(Caption-style text data)
※ ※ ※
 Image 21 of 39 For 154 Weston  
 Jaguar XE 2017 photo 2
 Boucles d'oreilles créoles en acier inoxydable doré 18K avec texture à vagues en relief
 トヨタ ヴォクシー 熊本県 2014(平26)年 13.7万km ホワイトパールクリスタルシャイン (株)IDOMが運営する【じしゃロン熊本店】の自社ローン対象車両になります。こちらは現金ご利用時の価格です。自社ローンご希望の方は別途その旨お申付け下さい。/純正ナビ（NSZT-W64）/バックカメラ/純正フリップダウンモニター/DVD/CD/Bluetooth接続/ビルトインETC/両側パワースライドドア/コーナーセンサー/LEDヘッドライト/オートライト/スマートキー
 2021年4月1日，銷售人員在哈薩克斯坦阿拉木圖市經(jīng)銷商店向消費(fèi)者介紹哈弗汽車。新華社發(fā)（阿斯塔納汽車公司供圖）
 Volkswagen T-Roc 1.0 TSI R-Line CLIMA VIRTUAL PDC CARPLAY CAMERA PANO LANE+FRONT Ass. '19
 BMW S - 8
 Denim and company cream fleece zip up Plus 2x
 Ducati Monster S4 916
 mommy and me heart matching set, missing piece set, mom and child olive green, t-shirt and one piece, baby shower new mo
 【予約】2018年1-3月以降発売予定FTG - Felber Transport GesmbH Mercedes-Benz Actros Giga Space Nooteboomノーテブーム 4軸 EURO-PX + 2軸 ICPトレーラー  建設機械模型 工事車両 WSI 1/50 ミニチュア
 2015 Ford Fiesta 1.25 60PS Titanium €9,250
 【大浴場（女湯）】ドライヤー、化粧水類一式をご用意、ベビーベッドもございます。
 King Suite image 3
※ ※ ※
§ **Requirement**
With the line that contains "Jaguar XE 2017 photo 2" as the first and the final line of the data as the last, repeat every line in that span exactly.

§ **Answer for the task**
 Jaguar XE 2017 photo 2
 Boucles d'oreilles créoles en acier inoxydable doré 18K avec texture à vagues en relief
 トヨタ ヴォクシー 熊本県 2014(平26)年 13.7万km ホワイトパールクリスタルシャイン (株)IDOMが運営する【じしゃロン熊本店】の自社ローン対象車両になります。こちらは現金ご利用時の価格です。自社ローンご希望の方は別途その旨お申付け下さい。/純正ナビ（NSZT-W64）/バックカメラ/純正フリップダウンモニター/DVD/CD/Bluetooth接続/ビルトインETC/両側パワースライドドア/コーナーセンサー/LEDヘッドライト/オートライト/スマートキー
 2021年4月1日，銷售人員在哈薩克斯坦阿拉木圖市經(jīng)銷商店向消費(fèi)者介紹哈弗汽車。新華社發(fā)（阿斯塔納汽車公司供圖）
 Volkswagen T-Roc 1.0 TSI R-Line CLIMA VIRTUAL PDC CARPLAY CAMERA PANO LANE+FRONT Ass. '19
 BMW S - 8
 Denim and company cream fleece zip up Plus 2x
 Ducati Monster S4 916
 mommy and me heart matching set, missing piece set, mom and child olive green, t-shirt and one piece, baby shower new mo
 【予約】2018年1-3月以降発売予定FTG - Felber Transport GesmbH Mercedes-Benz Actros Giga Space Nooteboomノーテブーム 4軸 EURO-PX + 2軸 ICPトレーラー  建設機械模型 工事車両 WSI 1/50 ミニチュア
 2015 Ford Fiesta 1.25 60PS Titanium €9,250
 【大浴場（女湯）】ドライヤー、化粧水類一式をご用意、ベビーベッドもございます。
 King Suite image 3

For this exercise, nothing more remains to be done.